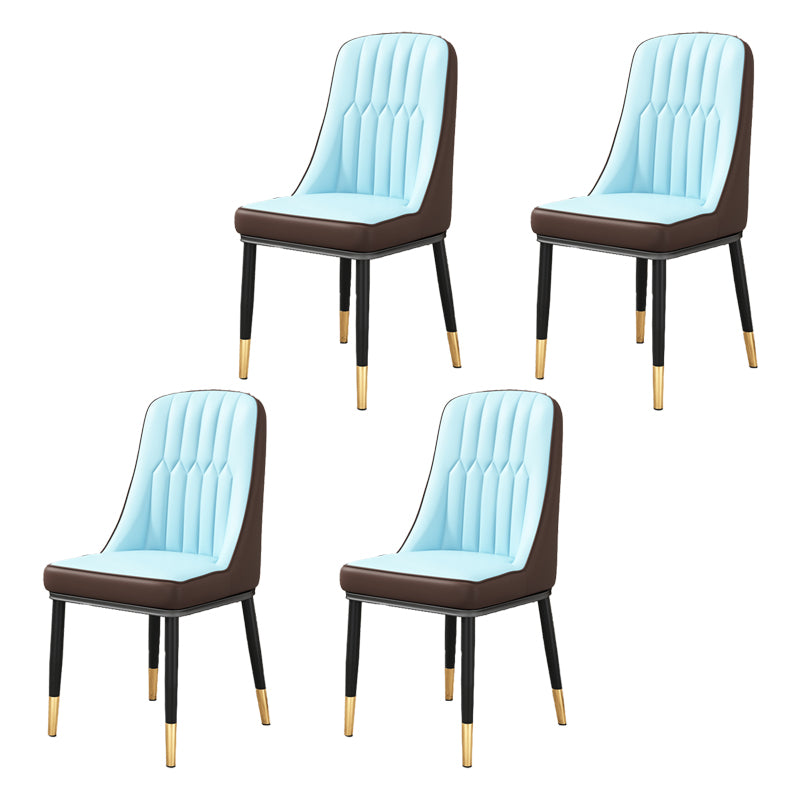 Silla auxiliar escandinava para el hogar, silla de comedor tapizada de Metal con respaldo Parsons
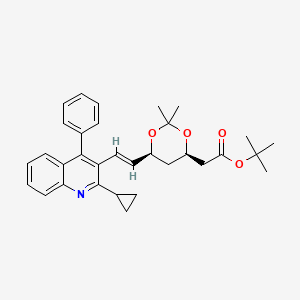 molecular formula C32H37NO4 B14909165 tert-Butyl 2-((4R,6S)-6-((E)-2-(2-cyclopropyl-4-phenylquinolin-3-yl)vinyl)-2,2-dimethyl-1,3-dioxan-4-yl)acetate 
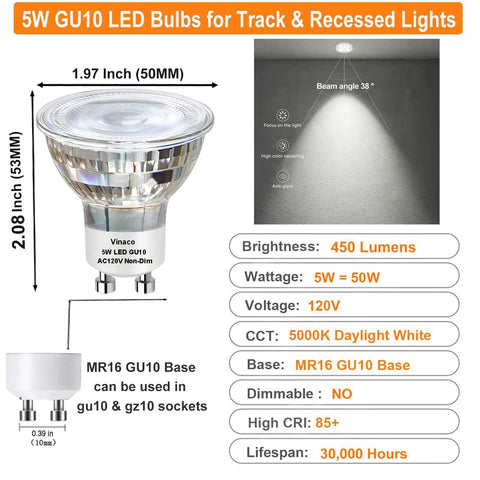 Vinaco GU10 LED bulbs close-up showing 450 lumens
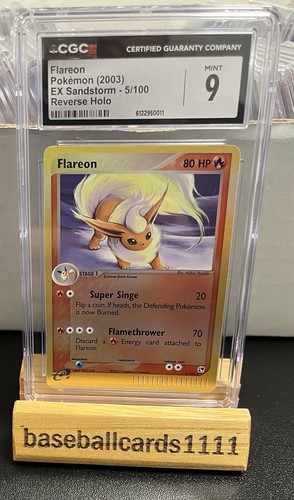 Pokemon 2003 Flareon 5/100 Reverse Holo EX Sandstorm CGC 9 Mint W2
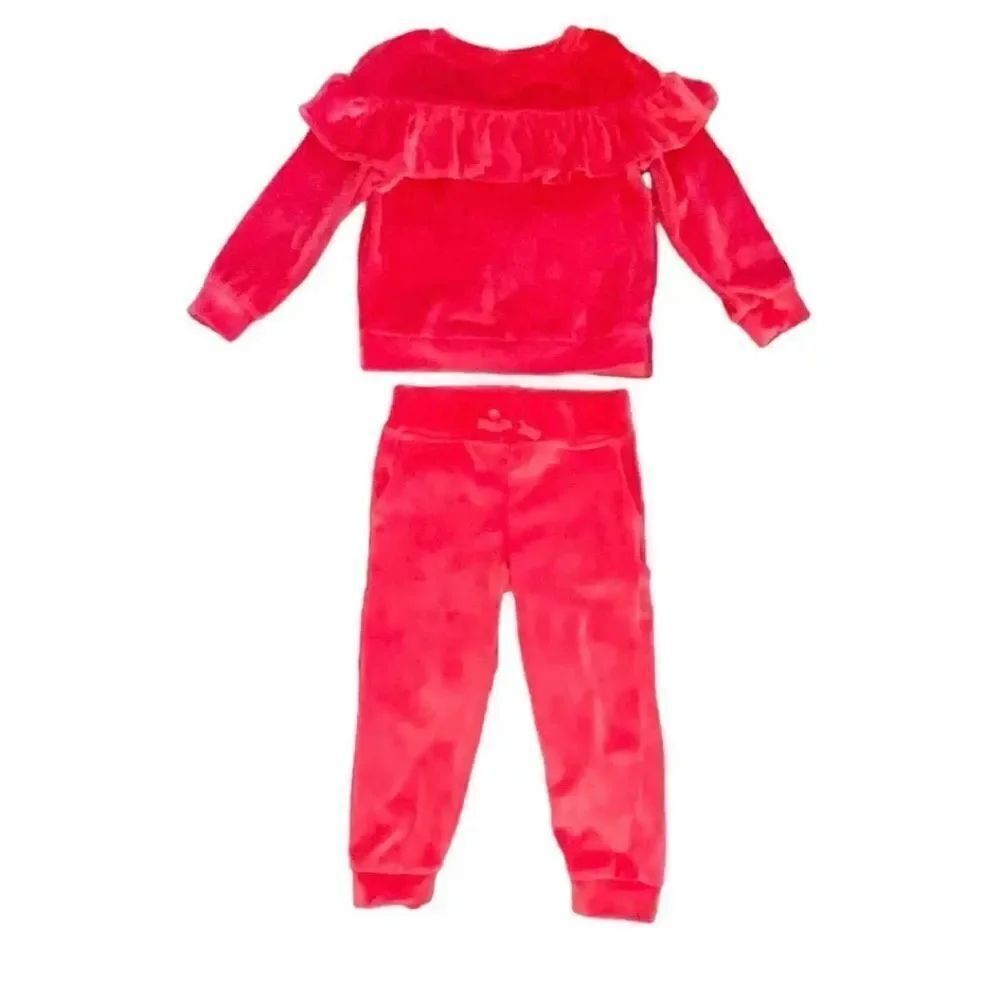 Okie Dokie Red Soft Velvet Matching
Jogger Ruffle Sweatsuit Outfit Set 5T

··········

§ About this task
In transcribing the listing, keep each word as it is and drop the pictures.

§ Written answer
 Silla auxiliar escandinava para el hogar, silla de comedor tapizada de Metal con respaldo Parsons
 molecular formula C32H37NO4 B14909165 tert-Butyl 2-((4R,6S)-6-((E)-2-(2-cyclopropyl-4-phenylquinolin-3-yl)vinyl)-2,2-dimethyl-1,3-dioxan-4-yl)acetate 
 Vinaco GU10 LED bulbs close-up showing 450 lumens
 Pokemon 2003 Flareon 5/100 Reverse Holo EX Sandstorm CGC 9 Mint W2
 Okie Dokie Red Soft Velvet Matching
Jogger Ruffle Sweatsuit Outfit Set 5T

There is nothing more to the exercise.